Saved data entries
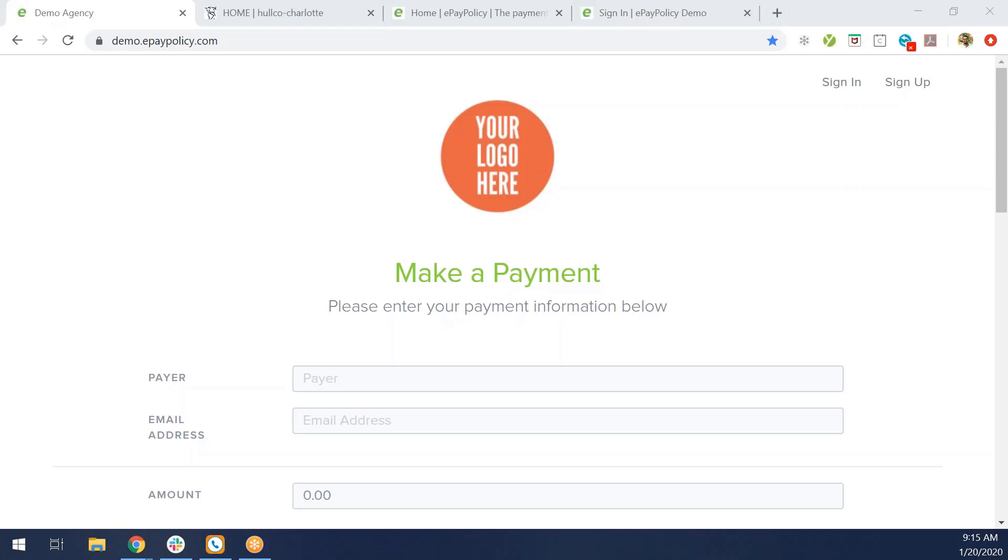ePay Policy, we are a payment processing company. What we do is we build online payment pages for agencies to collect credit card and ACH payments. It's all streamlined, done online as well as text because it is mobile compatible.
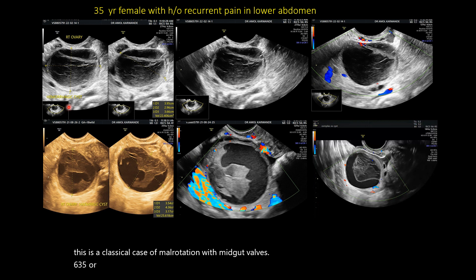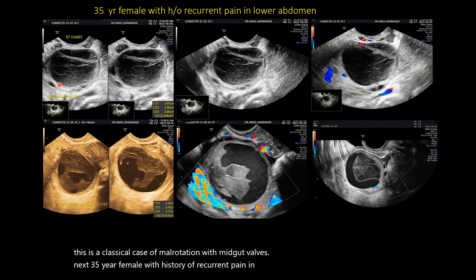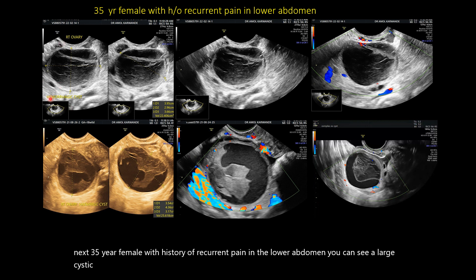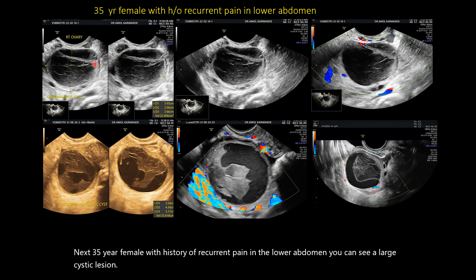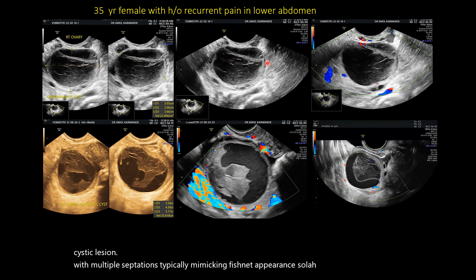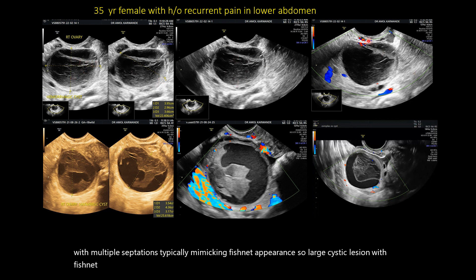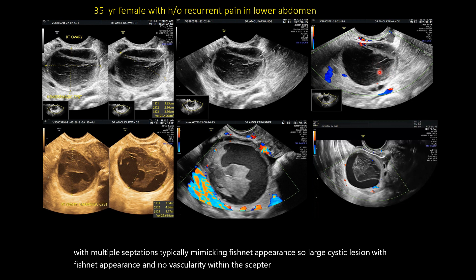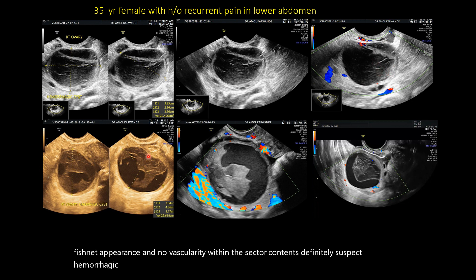35-year female with issue of recurrent pain in the lower abdomen. You can see a large cystic lesion with multiple septations, typically mimicking a fishnet appearance. A large cystic lesion with fishnet appearance and no vascularity within the septal contents definitely suggests hemorrhagic cysts.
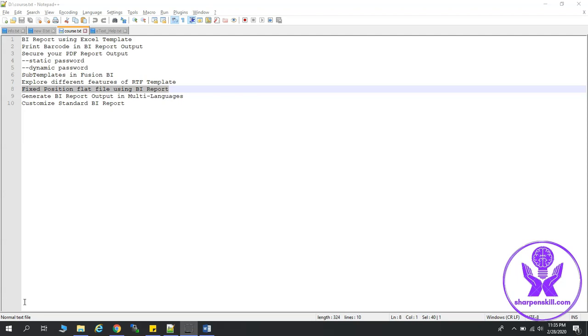Hello everyone. In this session, we are going to see how to create fixed-length position-based reports in the form of flat file. This type of report can be developed using etext template. So let's see how to do this.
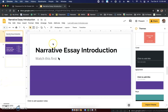All right, fifth grade, happy Tuesday. Today what we will do is we will write our rough draft introduction paragraph. So we're talking about our narrative essays. We've been talking about them for a week now, a little over a week. We talked about our hooks yesterday. Today we are going to write our introduction.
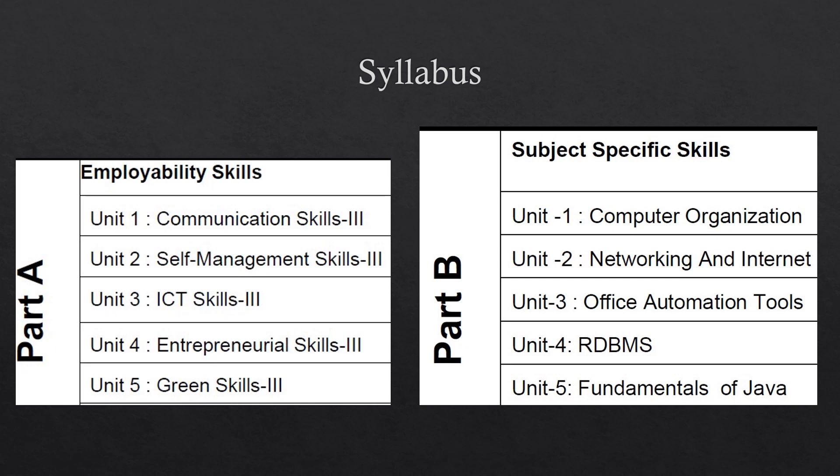First of all, there is Part A - Employability Skills. It is having five units: Communication Skills, Self-Management Skills, ICT Skills, Entrepreneurial Skills, and Green Skills. Students, this employability skills part is common for all the skill subjects given by CBSE. So whichever skill subject you are having, you will have this employability skills part common in all the skill subjects.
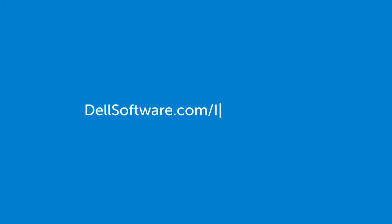So what are you waiting for? Visit dellsoftware.com/IAMSimplify to learn how you can simplify identity and access management.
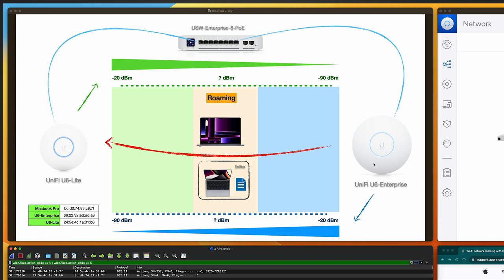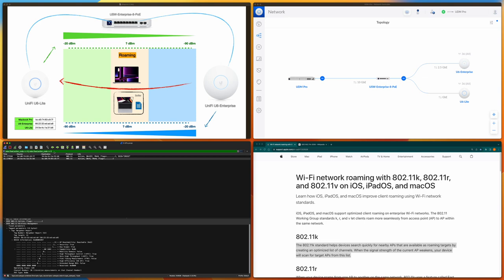The neighborhood report doesn't include the source AP itself because the Apple device is already connected to it and knows everything about it. The AP only notifies the laptop about things it may not know — in this case, the U6 Enterprise. In the future, if the Apple laptop needs to roam, it may save time because it doesn't need to scan the network to find candidate APs. But the most interesting thing is the timing: did the neighborhood report happen before or after the roaming?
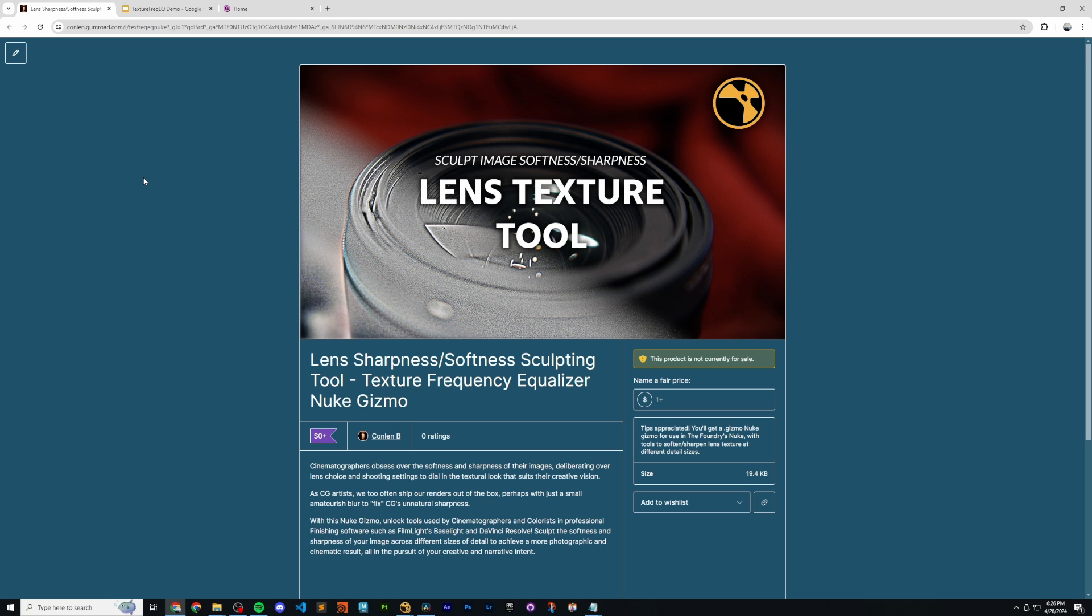I hope you can see how useful and powerful this tool is, and I hope that it enables you to think more like a cinematographer in the way that you handle the softness and sharpness of your images and your CG renders. If you find the tool useful, please give a rating on my Gumroad page.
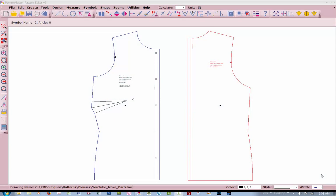Good morning, YouTube. This is Lisa with Lisa Haas Custom Sewing here in Tulsa, Oklahoma. Today I'm going to show you how to make a full bodice pattern instead of a place-on-fold half bodice pattern.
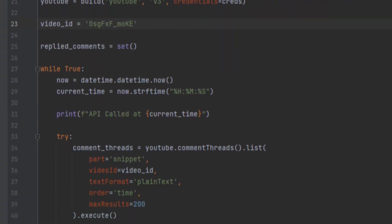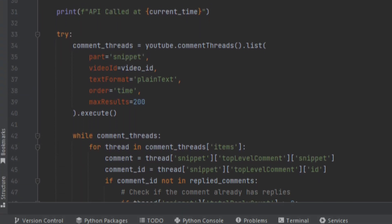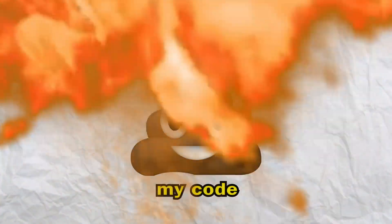First things first, I had to set up a Python script that would interact with the YouTube API and pull in all the comments on my video. Sounds fancy, but really, it's just a bunch of unoptimized and boring code.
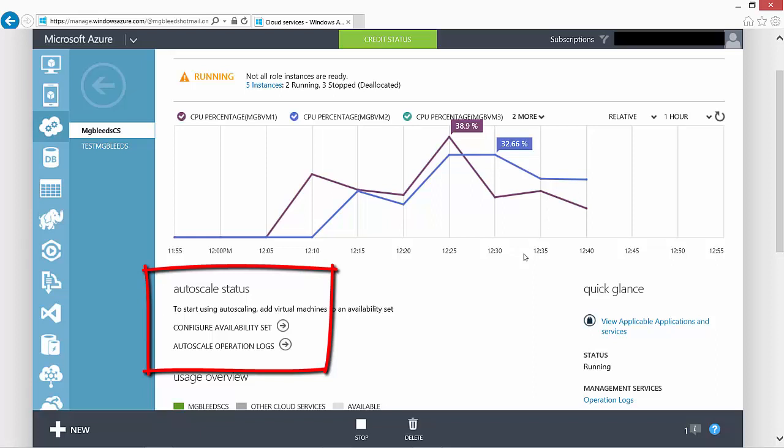Availability sets allow us to identify which resources in the cloud service need to be kept online at the same time.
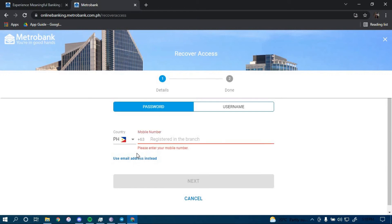Once you click on next, you should be directed to another page with further guidance on how you can reset your password for your online banking account for Metro Bank.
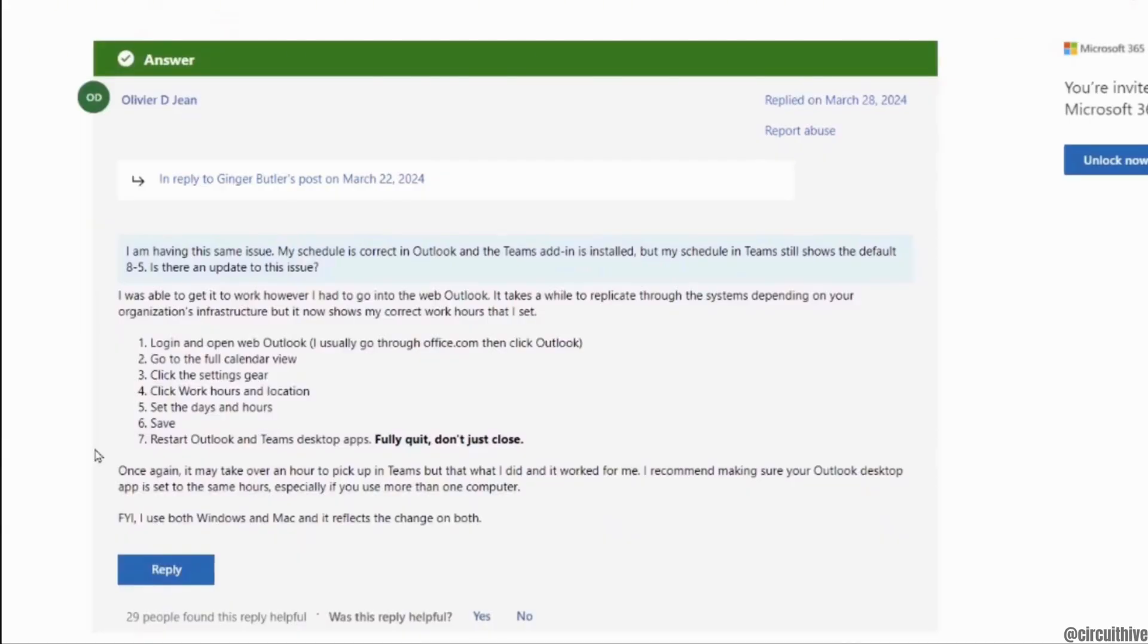Login and open web Outlook. After that, go to full calendar view and click the settings gear. Click work hours and location, set the days and hours, and then save it.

• [To do] Please repeat the records above word for word, and do not include the pictures.

• [Finished task]
ePay Policy, we are a payment processing company. What we do is we build online payment pages for agencies to collect credit card and ACH payments. It's all streamlined, done online as well as text because it is mobile compatible.
35-year female with issue of recurrent pain in the lower abdomen. You can see a large cystic lesion with multiple septations, typically mimicking a fishnet appearance. A large cystic lesion with fishnet appearance and no vascularity within the septal contents definitely suggests hemorrhagic cysts.
Hello everyone. In this session, we are going to see how to create fixed-length position-based reports in the form of flat file. This type of report can be developed using etext template. So let's see how to do this.
All right, fifth grade, happy Tuesday. Today what we will do is we will write our rough draft introduction paragraph. So we're talking about our narrative essays. We've been talking about them for a week now, a little over a week. We talked about our hooks yesterday. Today we are going to write our introduction.
First of all, there is Part A - Employability Skills. It is having five units: Communication Skills, Self-Management Skills, ICT Skills, Entrepreneurial Skills, and Green Skills. Students, this employability skills part is common for all the skill subjects given by CBSE. So whichever skill subject you are having, you will have this employability skills part common in all the skill subjects.
So what are you waiting for? Visit dellsoftware.com/IAMSimplify to learn how you can simplify identity and access management.
The neighborhood report doesn't include the source AP itself because the Apple device is already connected to it and knows everything about it. The AP only notifies the laptop about things it may not know — in this case, the U6 Enterprise. In the future, if the Apple laptop needs to roam, it may save time because it doesn't need to scan the network to find candidate APs. But the most interesting thing is the timing: did the neighborhood report happen before or after the roaming?
I hope you can see how useful and powerful this tool is, and I hope that it enables you to think more like a cinematographer in the way that you handle the softness and sharpness of your images and your CG renders. If you find the tool useful, please give a rating on my Gumroad page.
Good morning, YouTube. This is Lisa with Lisa Haas Custom Sewing here in Tulsa, Oklahoma. Today I'm going to show you how to make a full bodice pattern instead of a place-on-fold half bodice pattern.
First things first, I had to set up a Python script that would interact with the YouTube API and pull in all the comments on my video. Sounds fancy, but really, it's just a bunch of unoptimized and boring code.
Availability sets allow us to identify which resources in the cloud service need to be kept online at the same time.
Once you click on next, you should be directed to another page with further guidance on how you can reset your password for your online banking account for Metro Bank.
Login and open web Outlook. After that, go to full calendar view and click the settings gear. Click work hours and location, set the days and hours, and then save it.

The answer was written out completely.